Can Democrats win? It’s going to take a tremendous amount of work, infrastructure, money, smartly chosen candidates (Schumer, when he was Chair of the Democratic Senatorial Campaign Committee from 2005 to 2009, helped recruit 14 winners), and far more of a focus on local issues. Go to places Trump has devastated and show the flag, even those that are deep Red. Judicious application of Democratic talent, and smart, appealing surrogates from across the Democratic spectrum to make the case. Deft media (social and traditonal) exposure to the real-world implications of Trump’s destructiveness. Less infighting—skip the stupid litmus tests. Republicans, after all, are down to one monogamous relationship.

249 years of imperfect, but often majestic history is at risk. We all know it. Democrats must try fighting for it and cannot cede it out of passivity.

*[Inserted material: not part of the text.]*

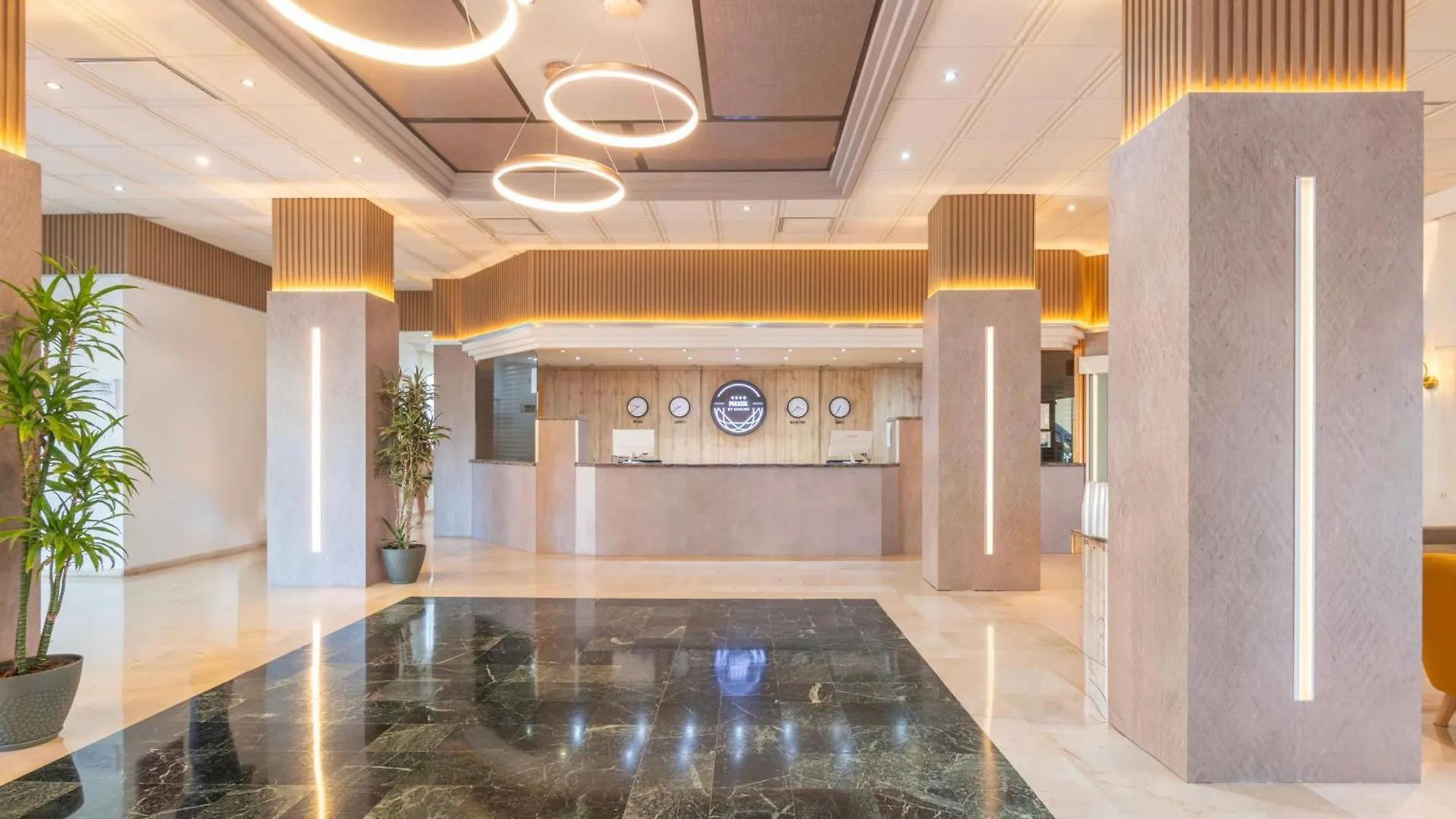 Hotel Parasol By Dorobe Τορρεμολίνος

The time to start is right now, today, and every day that follows. Go back to the voters, work for their support and earn it. One stylistic note: no more speaking Esperanto. Take a lesson there from Bernie and AOC, who are attracting crowds with not just a fighting spirit, but also with plain speaking. Their message may be more liberal than the larger public is willing to support—but Democrats have other, more moderate voices. Use them. Just remember, we aren’t smarter, more educated, more elite, more moral, more cultured, etc. Let’s stop talking that way, and acting that way.

It’s not going to be easy, and there will be defeats, maybe many of them. It’s best to remind yourself, from time to time, that “[it] is more proper that law should govern than any one of the citizens.”

That should be a motto for our times.